Task directions -> Set down, word for word, every line of the material below from the one containing "Larnaca City Centre" through the one containing "Beyaz ve renkli", but none of its pictures.

Supplied data ->
++++
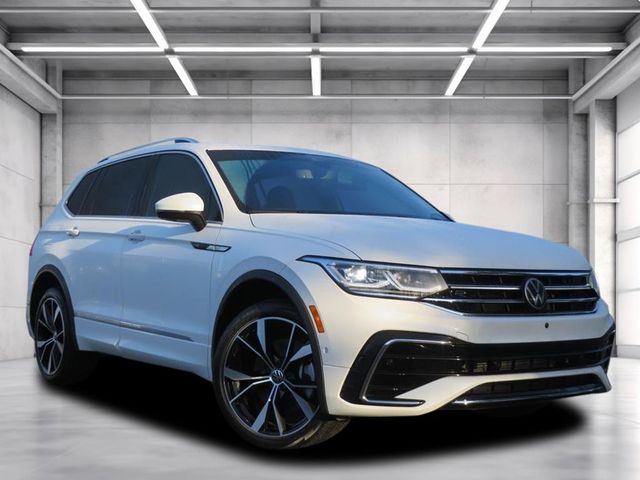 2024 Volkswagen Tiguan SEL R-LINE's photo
++++
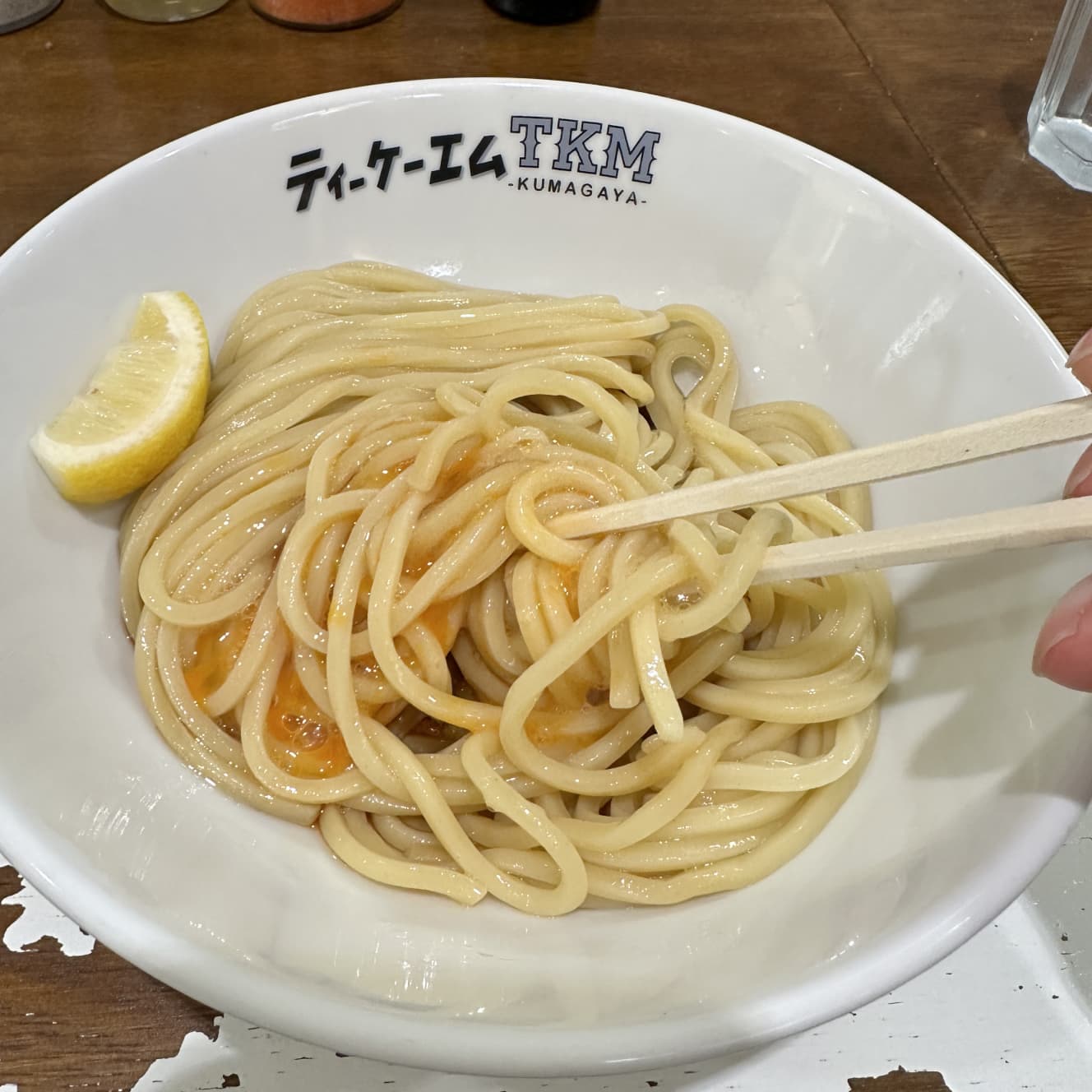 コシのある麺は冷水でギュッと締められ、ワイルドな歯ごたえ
++++
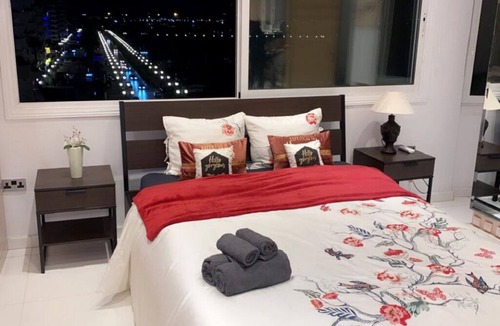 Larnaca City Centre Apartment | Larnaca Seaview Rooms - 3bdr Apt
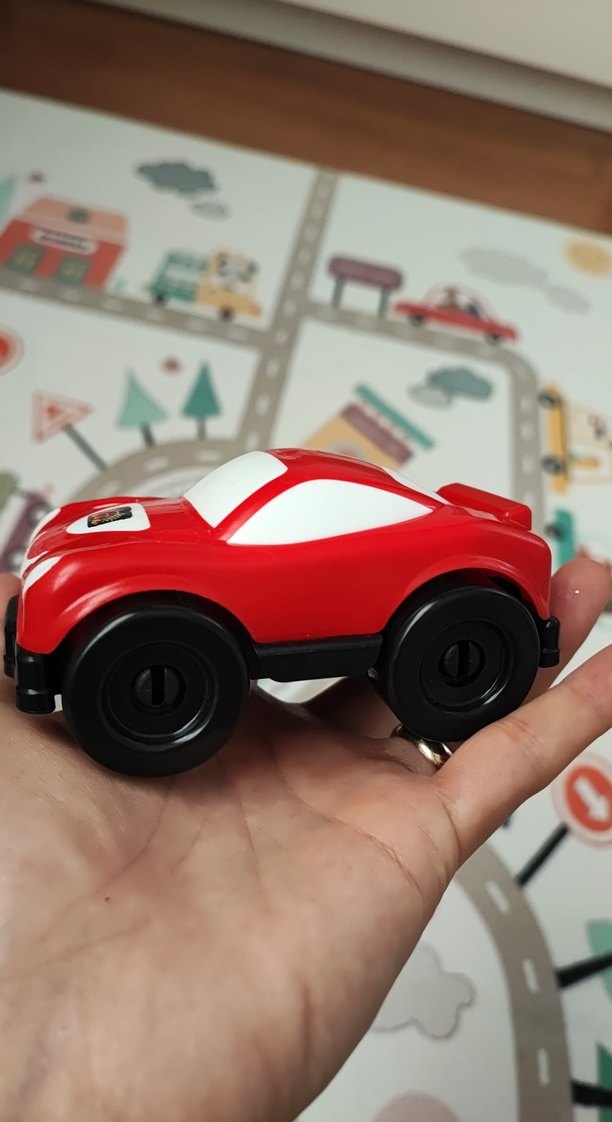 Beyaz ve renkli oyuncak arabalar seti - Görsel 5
++++
Answer to this exercise ->
 Larnaca City Centre Apartment | Larnaca Seaview Rooms - 3bdr Apt
 Beyaz ve renkli oyuncak arabalar seti - Görsel 5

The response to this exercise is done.